A move announced recently by Mexican diplomats may be a precursor of what could be happening in the coming months with the trading of major commodities involving the country’s trade war talks with the U.S.
The Mexican ambassador in Brasilia, Eleazar Velasco Navarro, promised that his country would allow rice imports from Brazil in an agricultural fair in Rio Grande do Sul. Rice growers associations in Brazil already give the entrance to the Mexican market as certain and say that only a “a few details lack.”
In 2015, Mexico harvested 158,350 tons of rice, which is 80.4% less than 30 years ago. In this period, consumption has grown from 850,000 tons to 1.1 million metric tons, with most imports coming from the U.S. Brazil is a major player in rice production with 11.8 million metric tons, while the U.S. produces over 8 million metric tons annually.
Also happening: Mexican authorities announced that lemon imports from Argentina are just “a step away” from being permitted, in another setback for U.S. farmers with an estimated 10,000 tons less of California lemons sent into Mexico.
For Mike Zuzolo, president of Global Analytics & Consulting, this topic will become hotter for grain observers in the next 30 days, especially until it is known how fast U.S. corn planting goes. In his opinion, Mexico is trying to show its cards in the case of the Trump administration imposing a border tax.
“My sense is that Mexico would like to have a plan of action ready in case the border import tax takes on a more serious tone from the Trump administration. However, I am of the view, as an analyst speaking to clients, that the blockage and resistance President Trump is feeling on health care is a good indication of how difficult it will be for him to move more aggressively against our trading partners,” Zuzolo said.

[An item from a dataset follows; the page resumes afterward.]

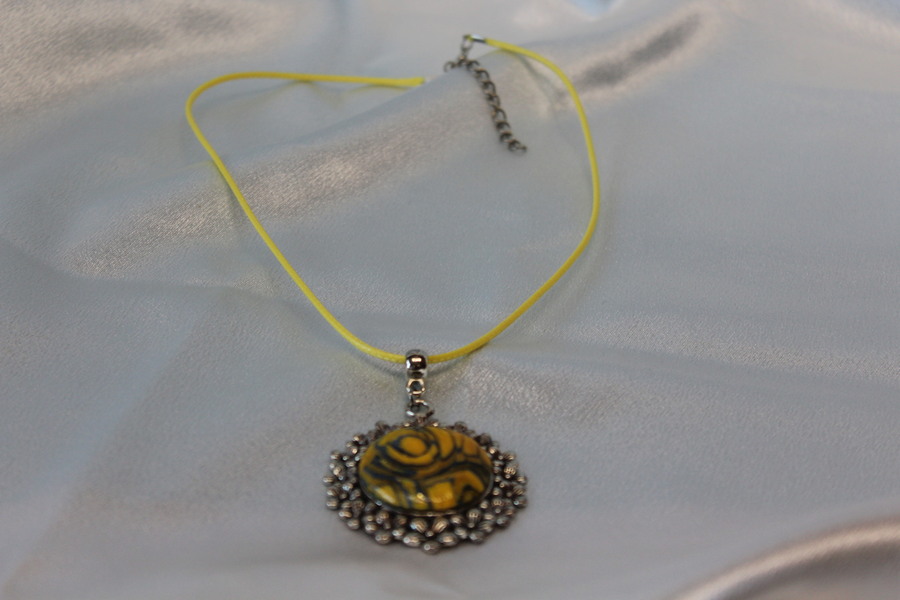 Collier Coton Ciré, Support Couronne de Fleurs et Polymère Or et Argent Métallisés (4)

Mexican analyst Alfonso García Araneda, general director of Gamaa Derivates in Mexico City, says it’s still important to know how big the South American crop will be in order to know if there will be imports of corn from Brazil or Argentina. “A massive harvest in South America, particularly from Brazil, added to the appreciation of the dollar will ease and reduce the cost of imports, since the Mexican peso has advanced 15.03% since January,” said Araneda.